**Data to examine**
-- Opening Marker --

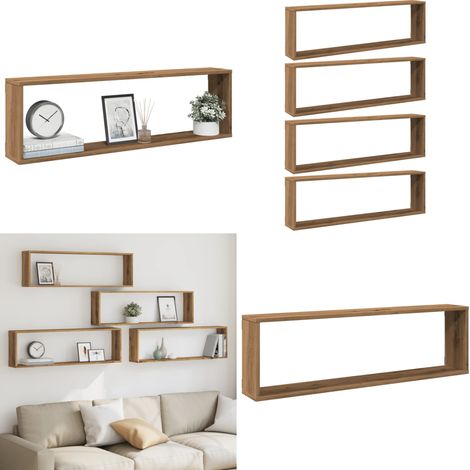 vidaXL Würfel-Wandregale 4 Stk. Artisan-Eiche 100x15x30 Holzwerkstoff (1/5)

-- Closing Marker --
-- Opening Marker --

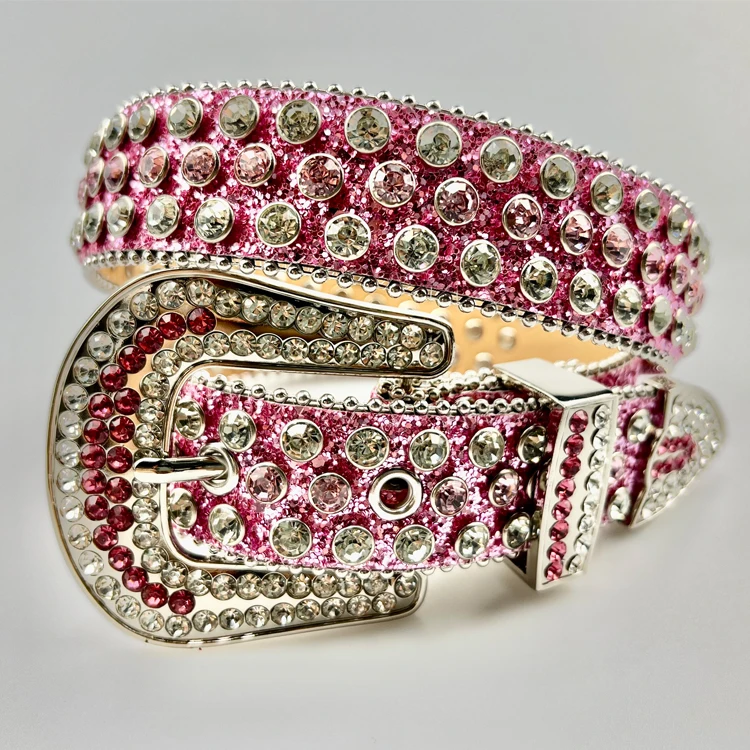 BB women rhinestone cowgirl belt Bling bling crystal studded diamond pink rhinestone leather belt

-- Closing Marker --
-- Opening Marker --

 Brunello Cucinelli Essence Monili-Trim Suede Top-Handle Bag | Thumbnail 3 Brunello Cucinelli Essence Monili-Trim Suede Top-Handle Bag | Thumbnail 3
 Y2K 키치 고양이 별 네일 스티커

-- Closing Marker --

**Exercise instructions**
Referring to the material above, set down exactly the lines between the line with "Thumbnail 3 Brunello" and the line with "Y2K 키치 고양이 별 네일 스티커", inclusive, and no other lines.

**Solution below**
 Brunello Cucinelli Essence Monili-Trim Suede Top-Handle Bag | Thumbnail 3 Brunello Cucinelli Essence Monili-Trim Suede Top-Handle Bag | Thumbnail 3
 Y2K 키치 고양이 별 네일 스티커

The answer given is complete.